* _What you need to do_
The entries that follow include a run beginning at the line with "Rosa Hydrangea Aspera" and ending at the line with "British Beret Hobson"; restate that run word for word and leave the rest out.
(Information Opens)
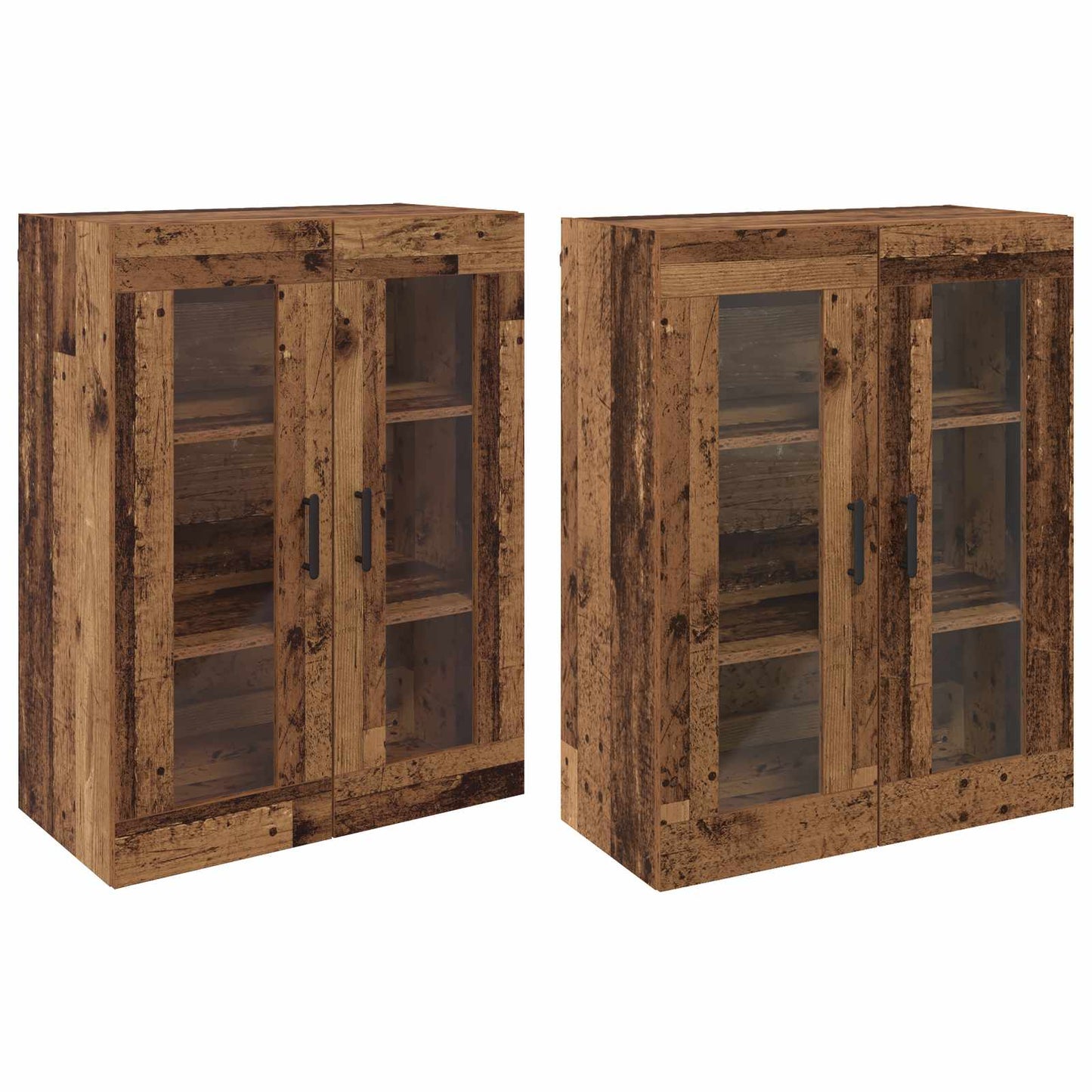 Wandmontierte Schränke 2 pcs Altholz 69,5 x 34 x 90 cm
(Information Closes)
(Information Opens)
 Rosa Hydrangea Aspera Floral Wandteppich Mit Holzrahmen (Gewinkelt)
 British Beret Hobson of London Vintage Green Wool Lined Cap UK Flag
(Information Closes)
(Information Opens)
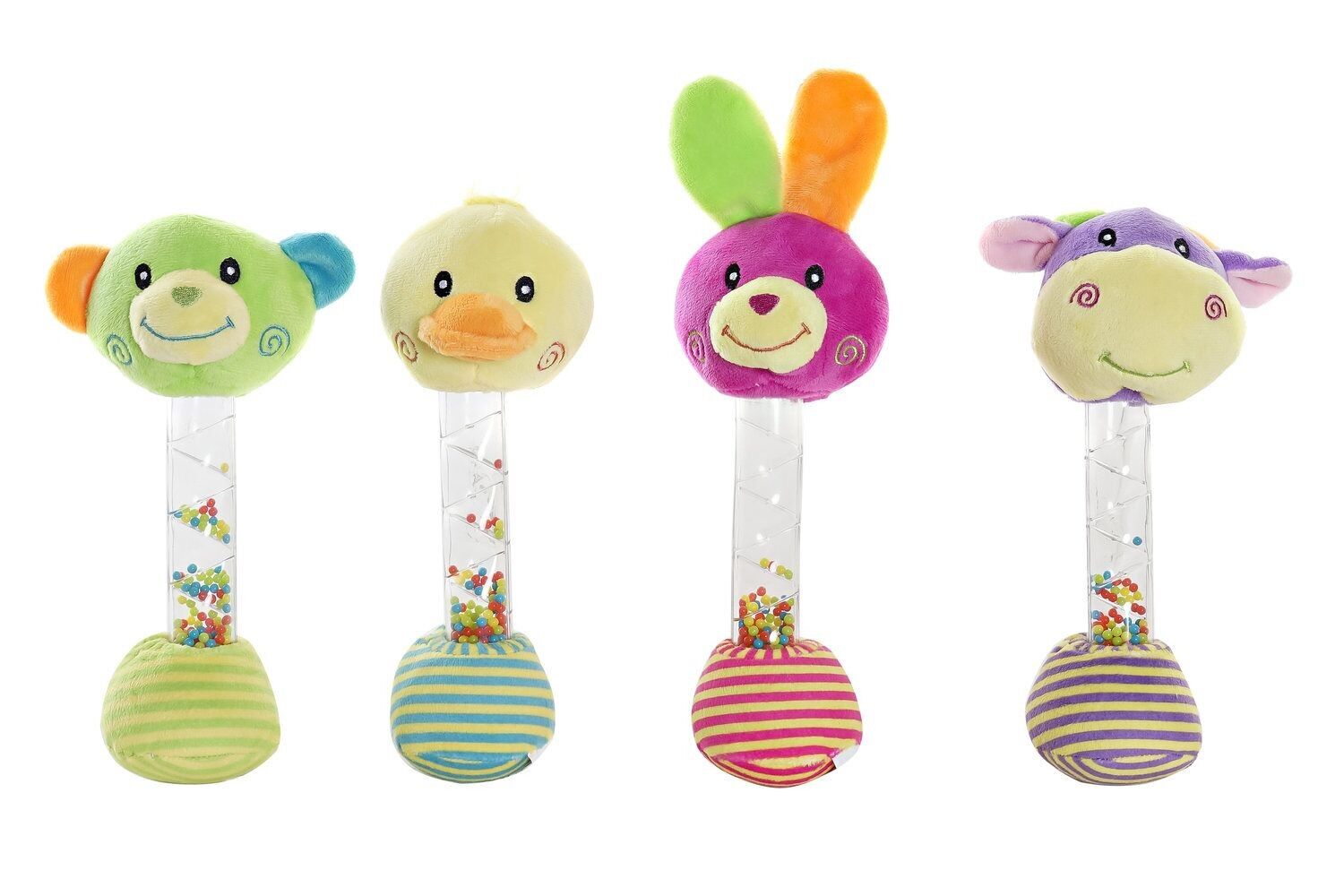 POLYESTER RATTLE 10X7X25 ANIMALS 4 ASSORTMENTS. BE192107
(Information Closes)
* _Task result_
 Rosa Hydrangea Aspera Floral Wandteppich Mit Holzrahmen (Gewinkelt)
 British Beret Hobson of London Vintage Green Wool Lined Cap UK Flag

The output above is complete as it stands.